*Assignment*:
Images in the data are to be skipped, while every line is restated exactly as written.

*Available data*:
================================

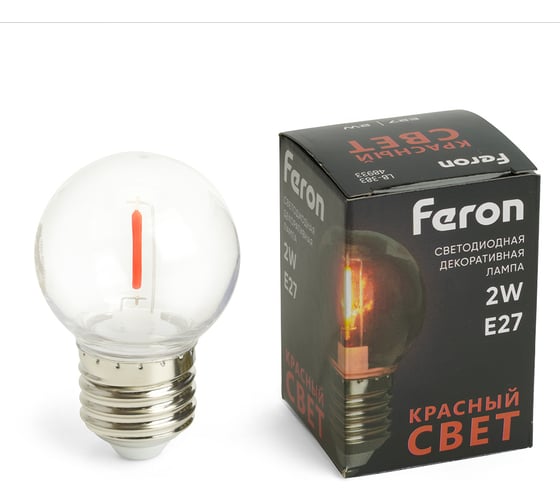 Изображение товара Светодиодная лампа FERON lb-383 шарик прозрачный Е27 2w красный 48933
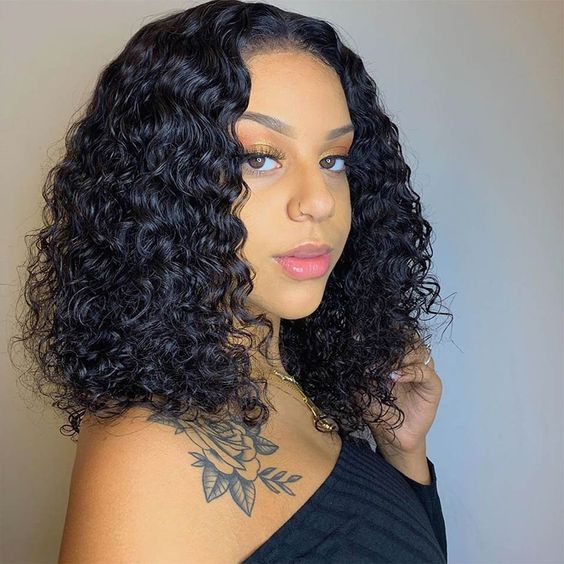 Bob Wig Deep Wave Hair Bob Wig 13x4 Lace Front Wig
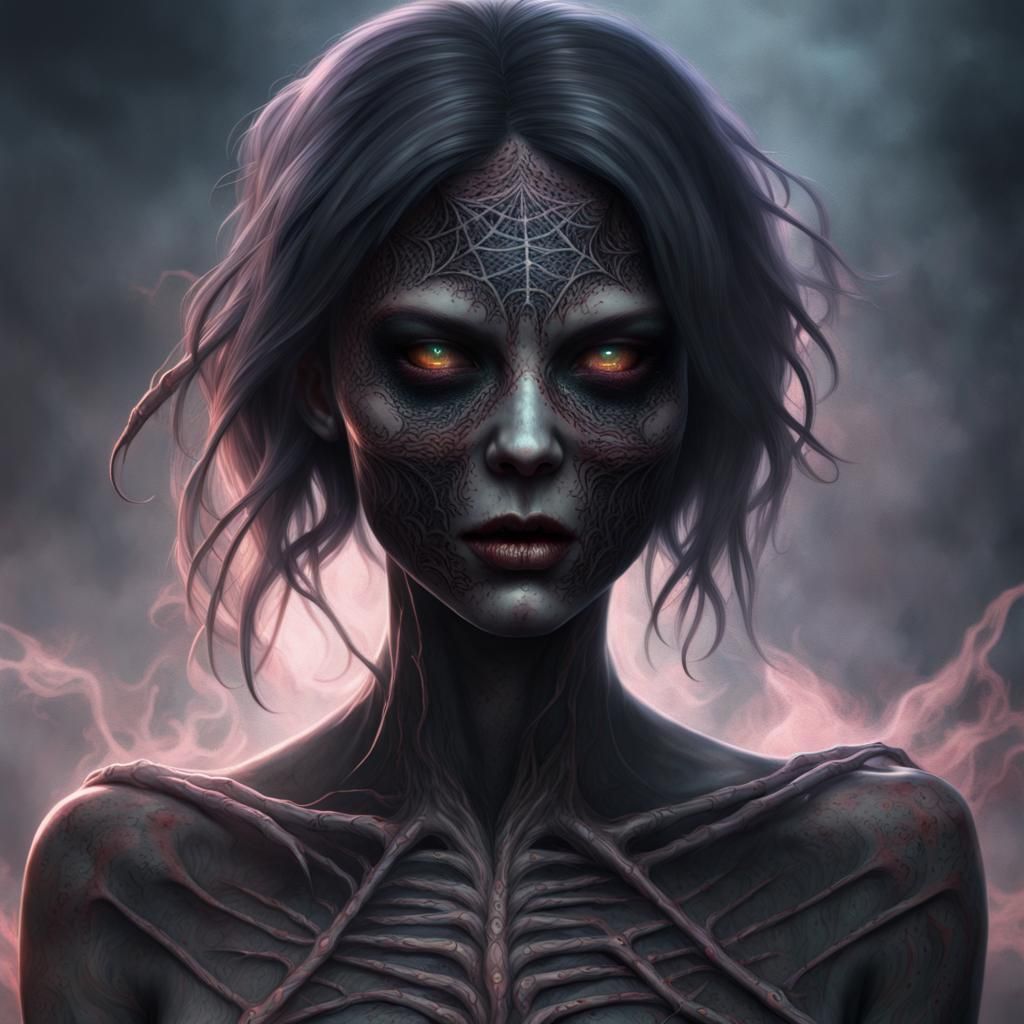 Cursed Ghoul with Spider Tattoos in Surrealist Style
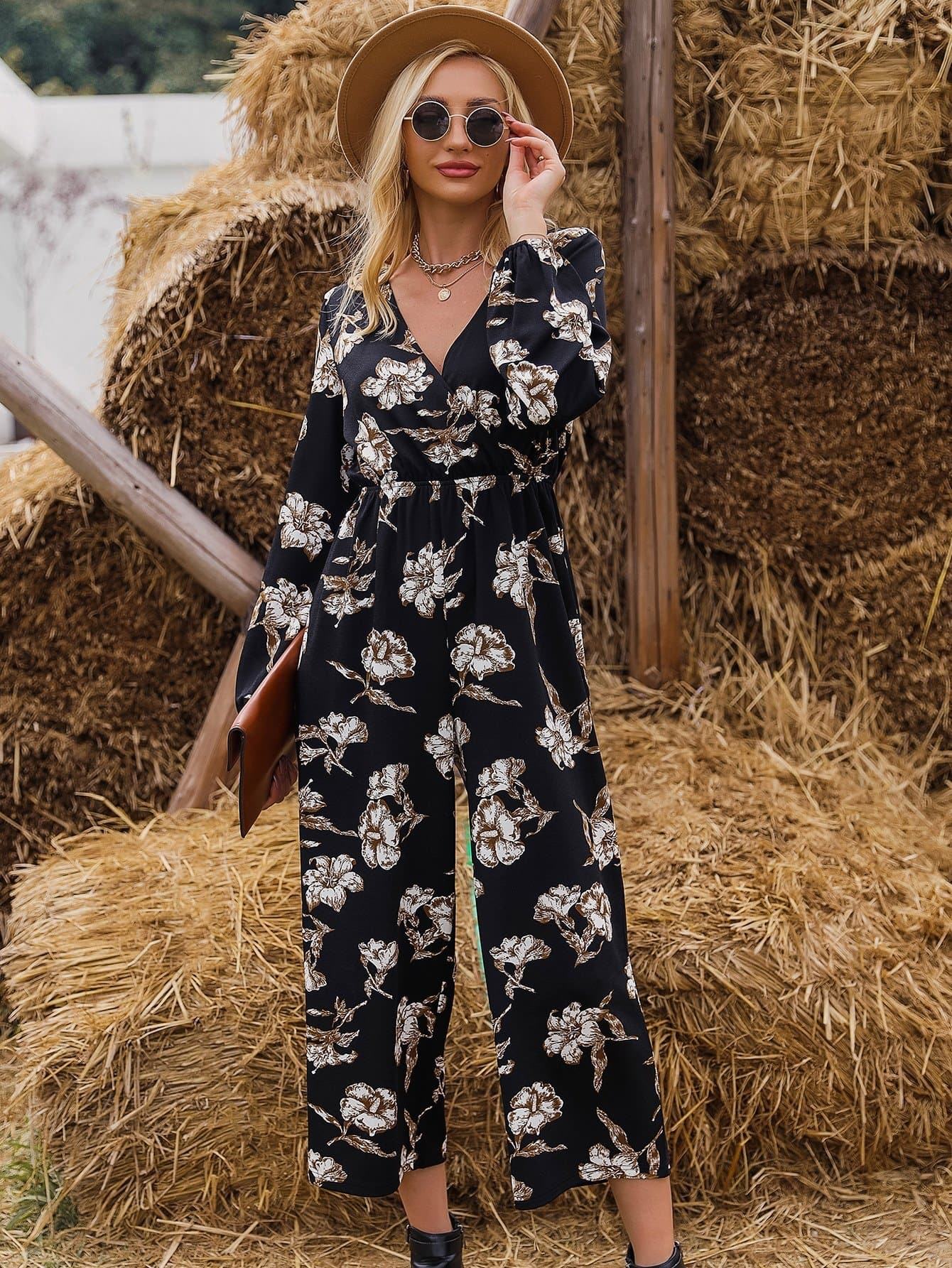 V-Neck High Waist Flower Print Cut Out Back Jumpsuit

================================

*Problem solution*:
 Изображение товара Светодиодная лампа FERON lb-383 шарик прозрачный Е27 2w красный 48933
 Bob Wig Deep Wave Hair Bob Wig 13x4 Lace Front Wig
 Cursed Ghoul with Spider Tattoos in Surrealist Style
 V-Neck High Waist Flower Print Cut Out Back Jumpsuit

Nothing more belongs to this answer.